Task directions:
Return an exact copy of the lines from the one holding "Crystal Healing Kit | Travel" to the end of the data, including both the starting and final lines. Leave the pictures out.

Web page caption snippets:
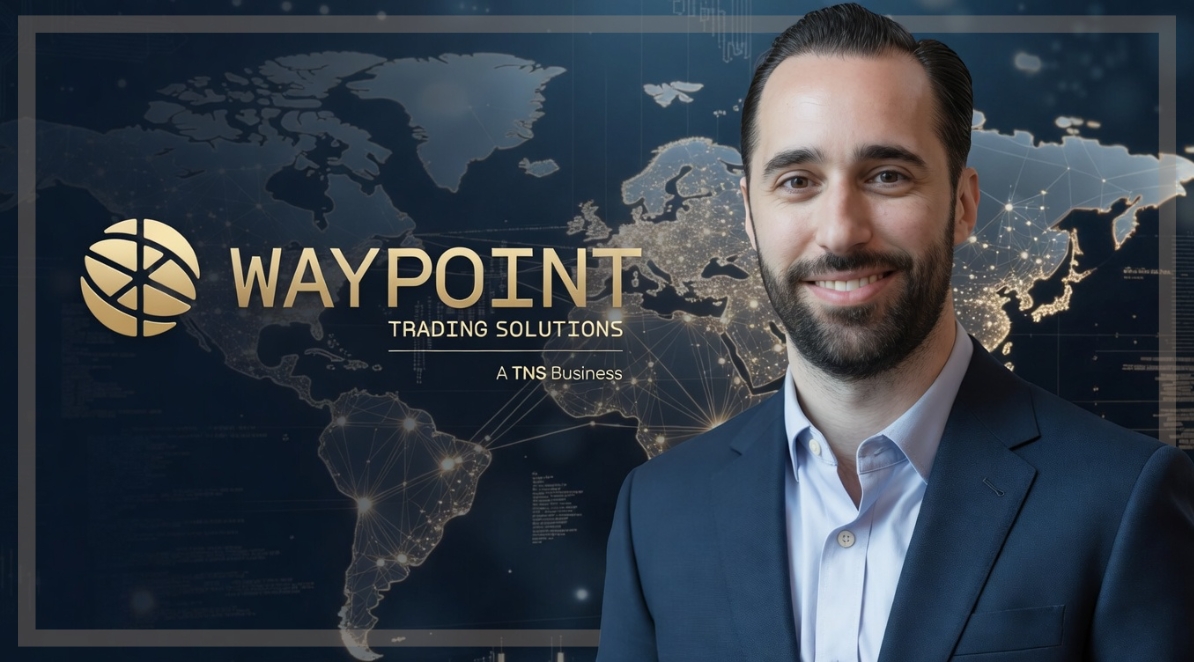 rubenmccarth's tweet photo. Great conversation with Tom Lazenga, President of @WaypointTS. In this interview, he explains how their unified platform is reshaping trading infrastructure. https://t.co/fWcEr6SEhR #FinancialMarkets #MarketData #Trading https://t.co/ZyimUpVQ6O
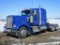 2007 Kenworth W900 sleeper,717,098 miles showing, Cat C15 engine, 13 sp. Alum rims, 30,000 miles on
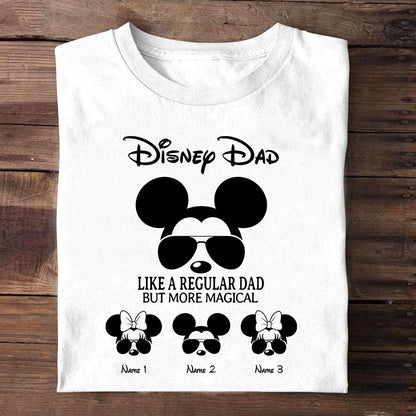 Magical Dad - Personalized Father's Day Mouse T-shirt and Hoodie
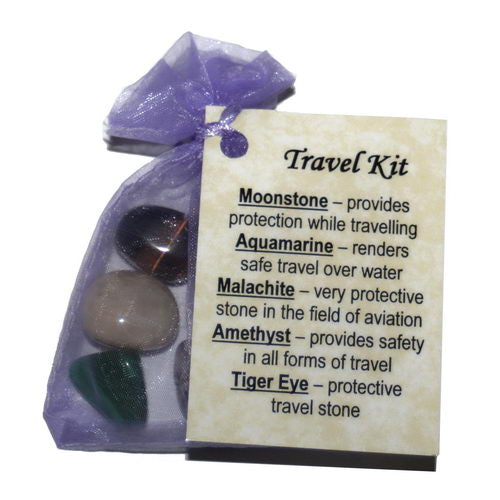 Crystal Healing Kit | Travel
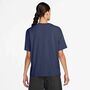 Nike W J Jumpman Ss Gf Tee Lbr 2 - midnight navy/white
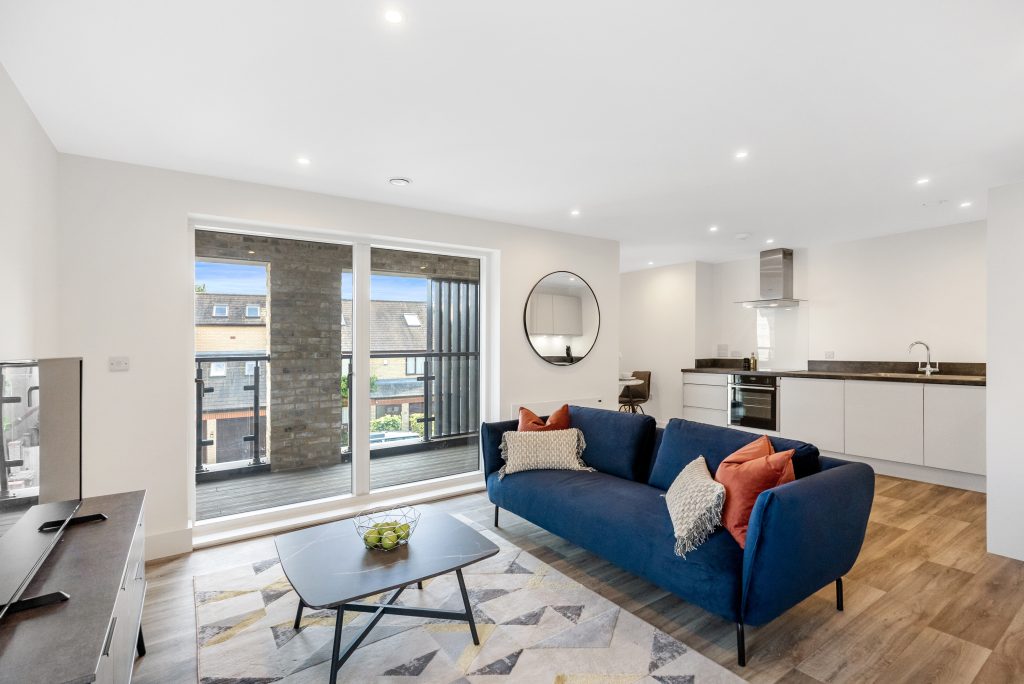 Open plan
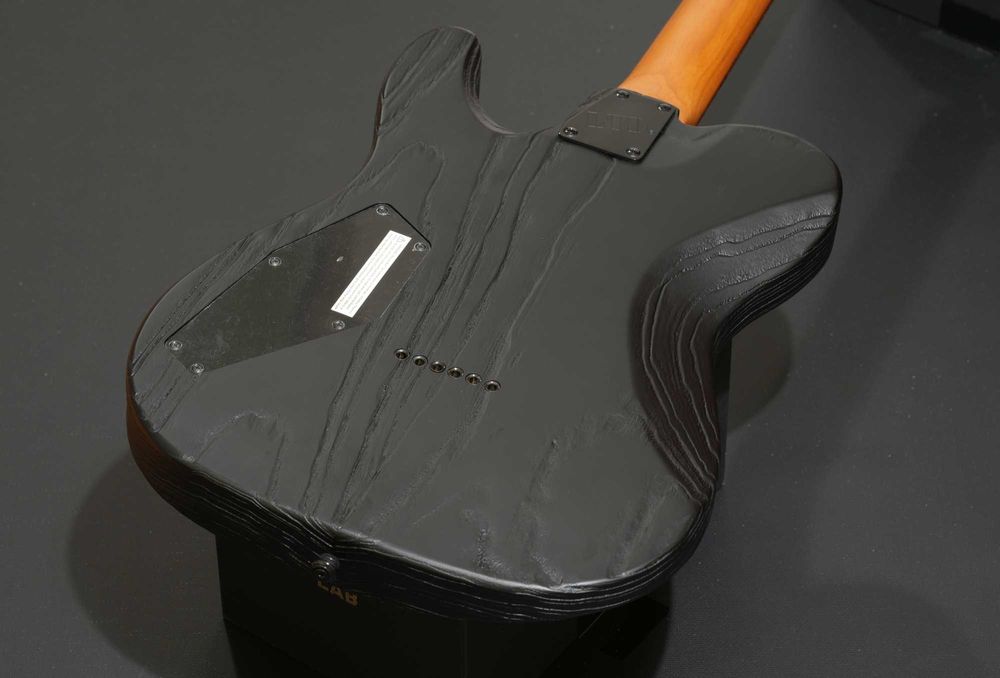 Gitara LTD TE-1000 Black Blast tele jesion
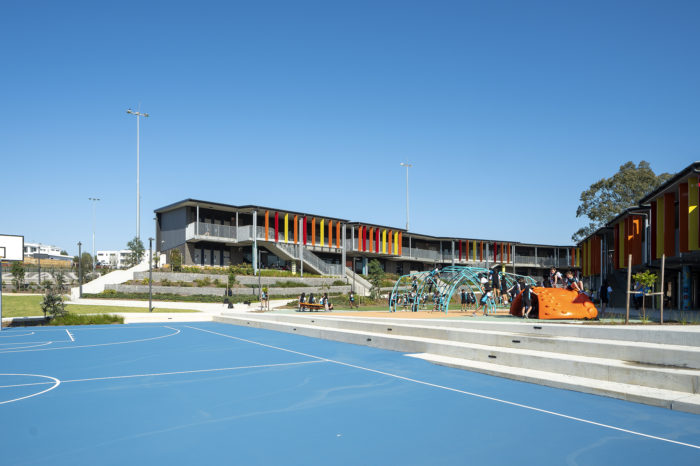 Education, Bella Vista Public School, exterior, play area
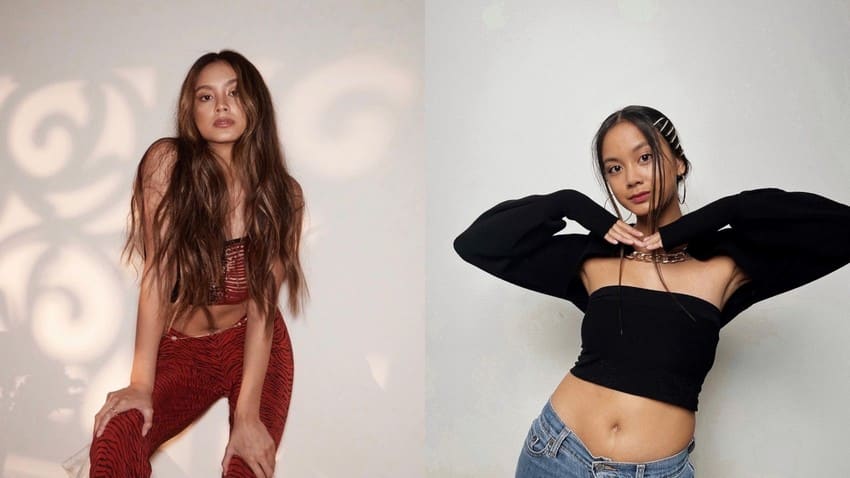 Ylona Garcia sun-kissed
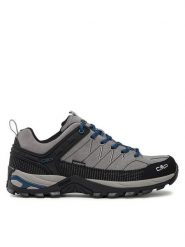 CMP Trekkingi Rigel Low Trekking Shoes Wp 3Q13247 Brązowy. Brązowe buty trekkingowe CMP, bez wzorów, ze skóry, bez zapięcia. Za 279.99 zł.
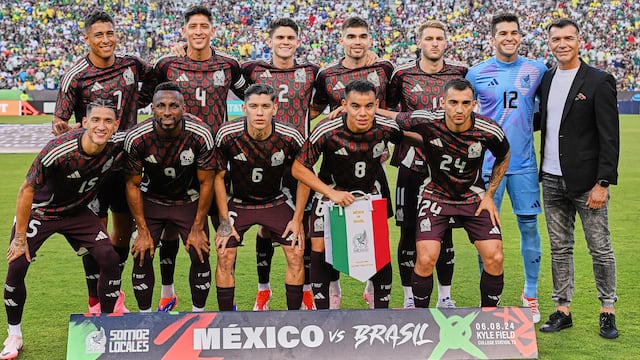 Selección Mexicana.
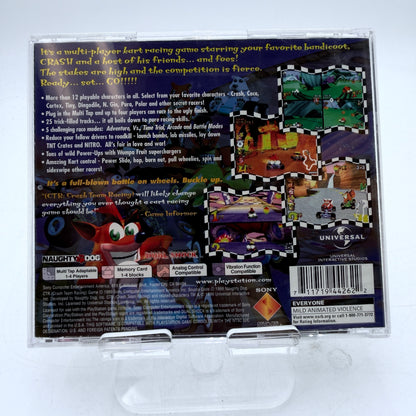 PS1 Crash Team Racing CTR CIB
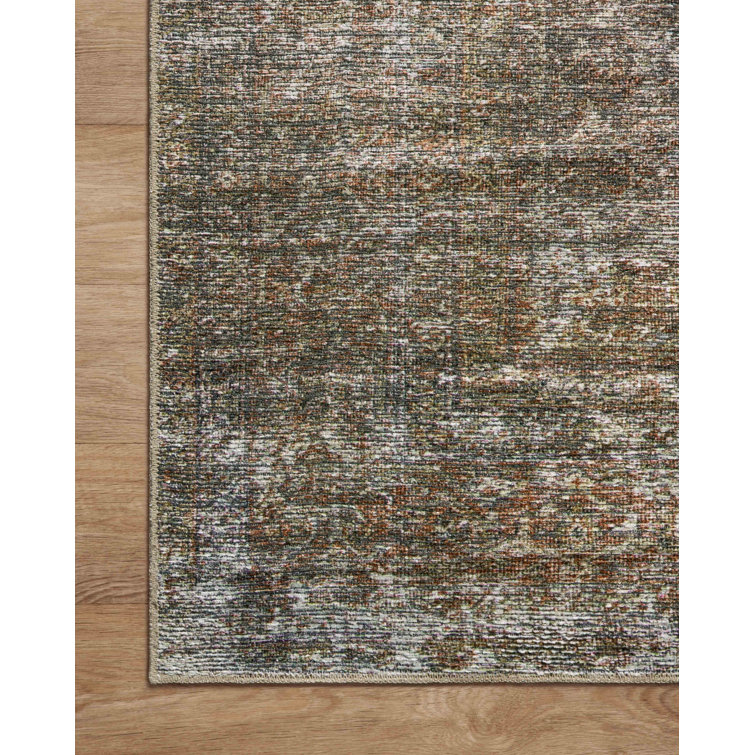 Handmade Ivory Rectangular Stain-Resistant Synthetic Rug 7'6" x 9'6"
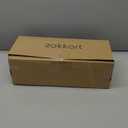 Zakkart Cat Perch for Window Sill with Bolster  Orthopedic Hammock Design with Premium Hardwood & Robust Metal Frame  Cat Window Seat for Large Cats and Kittens  Dark Stained Wood Brown Bed, 24''W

Task response:
 Crystal Healing Kit | Travel
 Nike W J Jumpman Ss Gf Tee Lbr 2 - midnight navy/white
 Open plan
 Gitara LTD TE-1000 Black Blast tele jesion
 Education, Bella Vista Public School, exterior, play area
 Ylona Garcia sun-kissed
 CMP Trekkingi Rigel Low Trekking Shoes Wp 3Q13247 Brązowy. Brązowe buty trekkingowe CMP, bez wzorów, ze skóry, bez zapięcia. Za 279.99 zł.
 Selección Mexicana.
 PS1 Crash Team Racing CTR CIB
 Handmade Ivory Rectangular Stain-Resistant Synthetic Rug 7'6" x 9'6"
 Zakkart Cat Perch for Window Sill with Bolster  Orthopedic Hammock Design with Premium Hardwood & Robust Metal Frame  Cat Window Seat for Large Cats and Kittens  Dark Stained Wood Brown Bed, 24''W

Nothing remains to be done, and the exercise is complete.